The reality was that Moscow did not have the physical capability of crushing the revolt in its infancy. And, as is typical of these affairs, Dudayev himself soon lost control of the situation, once the chaos theory kicked in. Dudayev possessed only a faint conception of the various class and social forces operating in his own society; therefore he quickly became a target of less principled individuals such as Udugov.

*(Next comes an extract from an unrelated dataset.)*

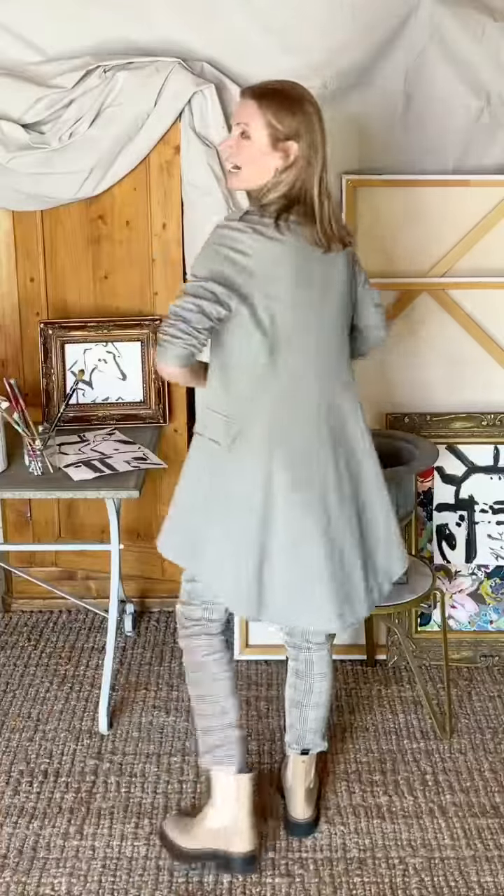I would call this small slightly roomy, perfectly roomy for me. I definitely would not size down in it. I'm a 34B and I'm 5'10". It is a fantastic high-low cut.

The responses of the Center to these events was not helpful. There was a lame attempt to create a shadow “ministry” consisting of academics and bureaucrats of the third ranking. Nobody paid any attention to them; and meanwhile Dudayev started to acquire grandiose ambitions. Well, he saw himself if not as a new Napoleon, but at least a new Imam Shamil, who had fought against the Russians in the early 19th century. Unlike Dudayev, Shamil was a highly effective military and political leader against the Russian army and Empire. But eventually the rules of Reality dictated that Shamil lose to the superior army. The Russian people at their best being a fairly forgiving bunch, the captured Shamil was allowed to live in a comfortable exile, first near Moscow, then in Kiev; and was allowed to perform the Haj to Mecca in 1869, where he died in Medina in 1871, at peace with himself and his God.

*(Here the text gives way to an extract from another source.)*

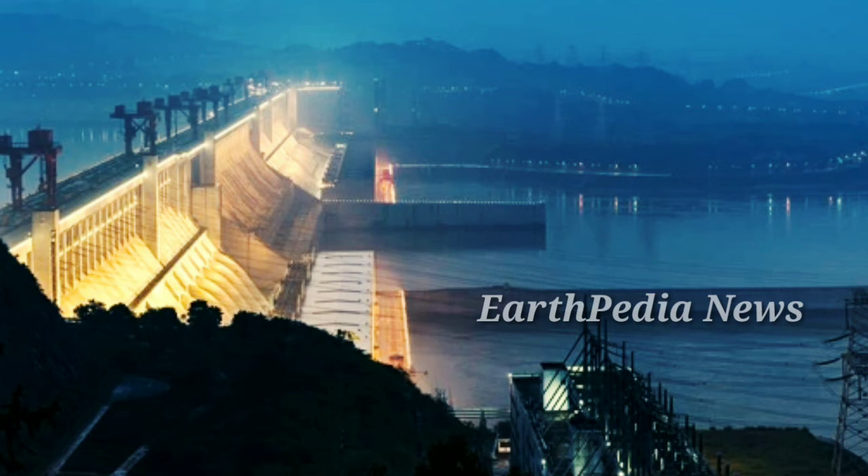The Yangtze, winding 6,300 kilometers through China, is Asia's longest river. The river, along with its network of lakes and tributaries, is used to generate power, control flooding, and store water for drinking and irrigation.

Dudayev’s end was not quite so ennervating. As his wiki entry describes: Dudayev was killed on 21 April 1996, by two laser-guided missiles when he was using a satellite phone, after his location was detected by a Russian reconnaissance aircraft, which intercepted his phone call. At the time Dudaev was reportedly talking to a liberal deputy of the Duma in Moscow, supposedly Konstantin Borovoy. Additional aircraft were dispatched (a Su-24MR and a Su-25) to locate Dudayev and fire a guided missile. Exact details of this operation were never released by the Russian government. Russian reconnaissance planes in the area had been monitoring satellite communications for quite some time trying to match Dudayev’s voice signature to the existing samples of his speech. It was claimed Dudayev was killed by a combination of a rocket attack and a booby trap. He was 52 years old. He died six days after his 52nd birthday.

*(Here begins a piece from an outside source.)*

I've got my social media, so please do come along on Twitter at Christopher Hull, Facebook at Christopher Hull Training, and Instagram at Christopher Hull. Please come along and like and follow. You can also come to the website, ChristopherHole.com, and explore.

Again, things could have been different, but most of the blame goes to Yeltsin and his monstrously incompetence entourage, with Defense Minister Pavel Grachev being singled out by Krutikov for a special razzie award.
Here is my translation of Krutikov’s concluding paragraph, which ends on a curiously upbeat note:
Now, a quarter of a century later, it must seem like it is relatively easy to judge the mistakes of that time; the mistakes are completely obvious to all. And yet in September 1991 all that could be noticed were the wandering eyes of Khasbulatov, the brutal inadequacy of (Alexander) Rutskoi, the mini-Uzi in the hands of (Dudayev’s) underage bodyguard, and the dancing of the zikr in the public square. Nobody could have imagined in just over two years, all of this would be turned into Hell on Earth, a Hell from which nobody emerged renewed or even unscathed. In the final analysis, this putsch in the Chechen-Ingush Autonomy, which started off as just another local rebellion, similar to a whole series of similar ones, boiled over into probably the most significant internal political event of Russia in the 1990’s. Which, in conclusion, transformed this dying nation into a new nation-state.